The ability of hematopoietic progenitor cells to sense and adapt to inflammatory stimuli renders them central players in the context of acute peripheral inflammation or infection^1,2. During infection, HSPCs react to TLR ligands, inflammatory cytokines, including IL-1 or IFNs, and growth factors. Such inflammatory signaling in HSPCs can drive their expansion and myelopoiesis, but may also cause HSPC exhaustion, if chronically sustained². With the exception of chronic cardio-metabolic diseases^27,103, the role of hematopoietic progenitors cells as central determinants of the host response in chronic diseases has been underappreciated. In cardio-metabolic disease (and possibly other chronic disorders), the adaptation to inflammation that drives myelopoiesis in HSPCs generates a destructive feed-forward loop (Fig.4), in which increased numbers of inflammatory myeloid cells enhance inflammation, which in turn perpetuates HSPC-mediated myelopoiesis^{27,103,111,112,116,121}. Importantly, previous infectious or inflammatory challenges can epigenetically imprint an “inflammatory memory” in hematopoietic progenitor cells^97,98,117, thereby contributing to trained immunity.
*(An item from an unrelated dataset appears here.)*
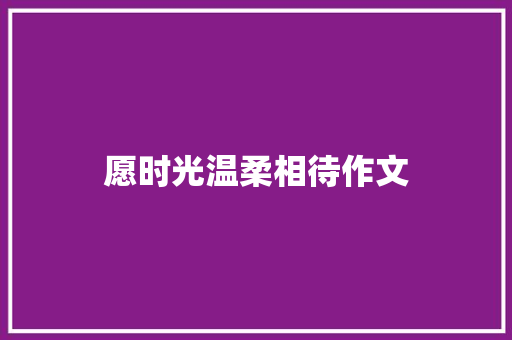 愿时光温柔相待作文
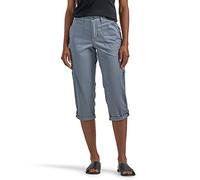 Lee Women's Flex-to-go Mid-Rise Relaxed Fit Cargo Capri Pant, Tech Gray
As innate immune training facilitates cardiovascular inflammation¹¹⁷, it is intriguing to hypothesize that the development of clonal hematopoiesis, which is associated with higher cardio-metabolic inflammation^132–134, might be linked with selective pressure for inflammatory memory^96–98. A major question is whether adaptation of hematopoietic progenitors to inflammation can provide a unifying concept where inflammatory stimuli (e.g., infections) and multiple risk factors (e.g., obesity, dyslipidemia, psychosocial stress) can be integrated in a meaningful manner to better understand the pathogenesis of different forms of chronic inflammatory diseases or even malignant disorders. This challenging concept needs to be addressed by interdisciplinary studies bringing together experts in immunology, hematopoiesis, metabolism, cardiovascular medicine, as well as mathematical modeling, which could potentially lead to new risk assessment scores for chronic inflammatory diseases.